There is a level at which I am frustrated with the internet as a medium. It is contains a lot of content, but is largely devoid of meaning. I cannot hear the sarcasm in another's voice, the comfort of a gentle word, nor really understand the outrage or anger of another. All I have are cold calm electrons that bounce off my computer and leave an imprint on my retina. I think that I understand what people mean to convey, but I know in my heart that I am just guessing. Normally this capacity for misapprehension has me struck dumb, for I personally prefer silence to miscommunication, though others may interpret this silence as a lack of caring or connection.
Sometimes, though, I am moved to speak, or at least to type. However, in the world of the internet this is often too late. If you don't respond quickly, then you might as well not respond at all. The speed of light is nothing compared to the speed that a flame will follow you home after an off the cuff comment. Considered words are even worse. The carefully crafted, meticulously examined words are a lure to the hobgoblins of the internet, and will draw them in to offer their points of view, which will of course be phrased as "corrections".

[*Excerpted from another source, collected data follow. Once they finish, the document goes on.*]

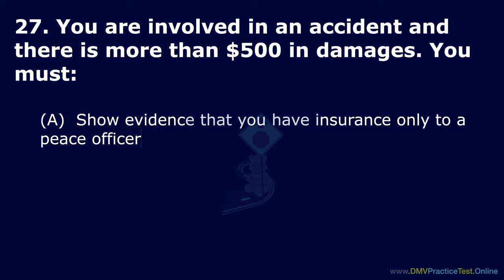Question 59. What must you do if you are involved in an accident resulting in a death? Option A: Make a written report SR-1 to the DMV. Option B: Show evidence that you have insurance only to a police officer. Option C: Make a written report SR-1 only to the CHP. The correct answer is: make a written report SR-1 to the DMV.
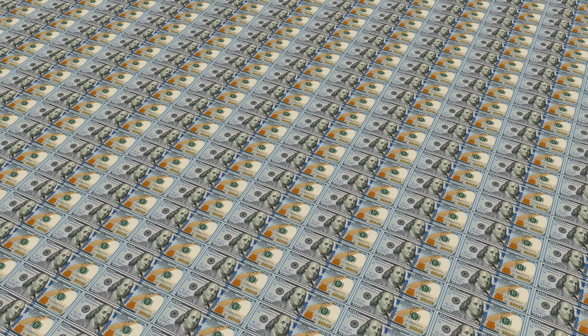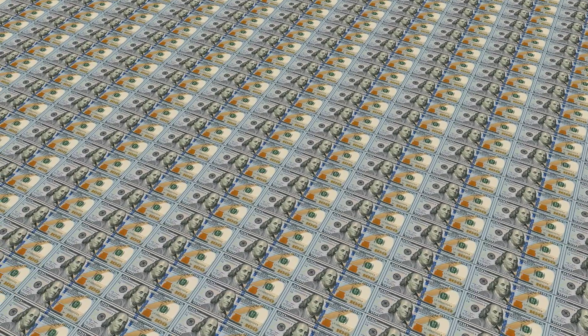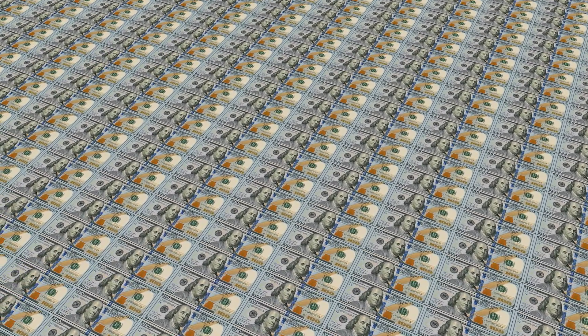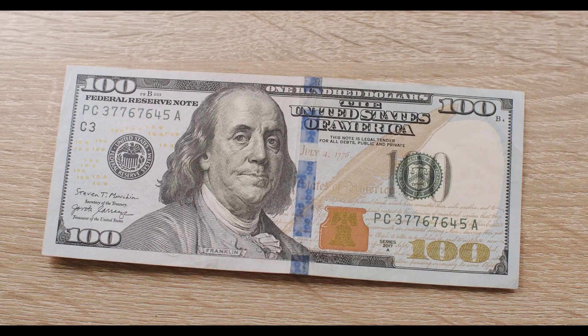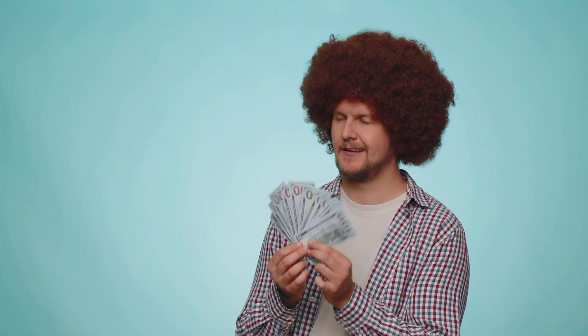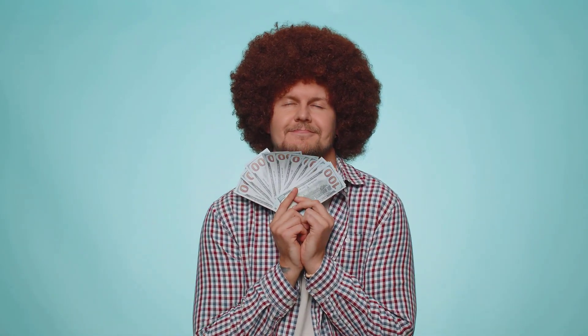Welcome, business owners and entrepreneurs, to today's exciting video presentation. We're about to explore the incredible benefits and endless possibilities that come with the Chase Inc. Business Unlimited Credit Card. Whether you're just starting your business journey or looking to take your existing venture to the next level, this card can be your key to success. Grab a notepad and get ready to discover how it can empower your business.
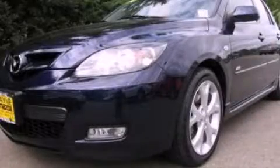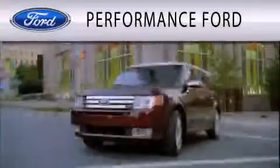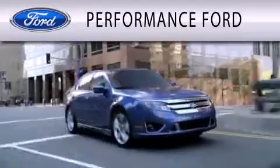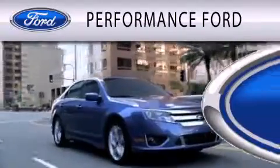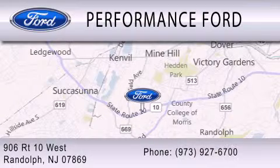Contact us today and schedule your opportunity to see this vehicle in person. Performance Ford is dedicated to doing everything possible to ensure that the experience you have selecting your vehicle is as pleasant as possible. We are located at 906 Route 10 West in Randolph.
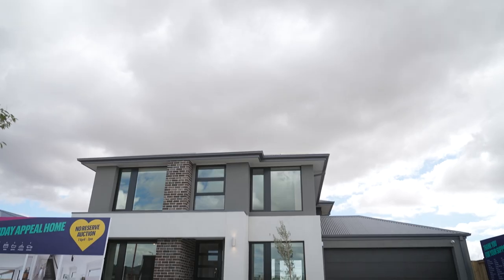Thanks for coming to take a tour of our Henley Electra 35. It's a wonderful home — seven stars, all electric too. Lovely to have you.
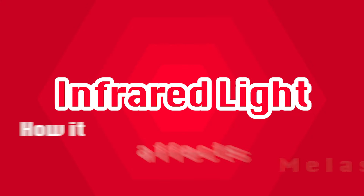Hey guys, Damilene, dermatologist. So you'd like to know more about infrared sources and how it affects melasma.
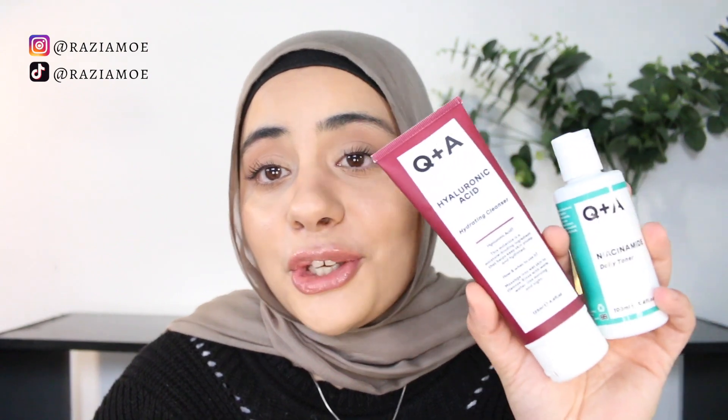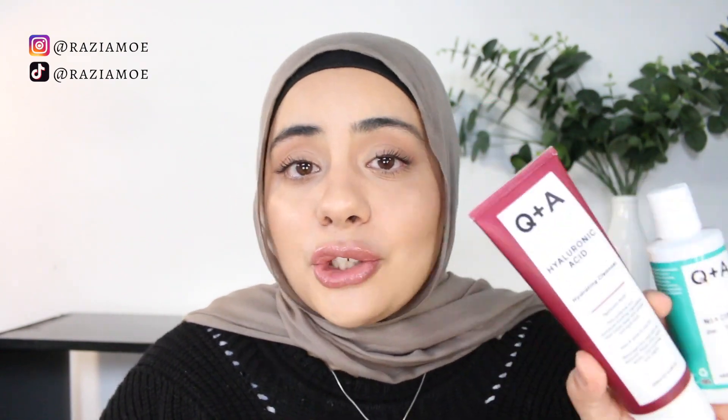The next cruelty-free brand is Q&A Skincare — a UK-based brand recently launched in Priceline here in Australia. They're cruelty-free and most of their products are vegan-friendly, though some aren't, so be aware when looking at specific products. From the ones I've tried, my favourites are the Hyaluronic Acid Cleanser and their toners. They also have some good serums. I reviewed them in my last video — I'll have that linked up here for you.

Probably, people's egos don't like feeling like they're in a room with someone who knows more than they do. The internet is their playground, and today they don't feel like sharing. It's a sad truth that when left to our own devices, and encouraged by the idea that no one is truly capable of monitoring us or enforcing rules on us, we revert to the simplest, most egocentric, and most fundamentally selfish of moralities.
As much as I love the internet as both a means of communication and a source of constant (if not entirely trustworthy) information, I remain leery of it, and am always wondering about a lot of what I see that comes whizzing along as stray electrons, and leave their imprint on my brain.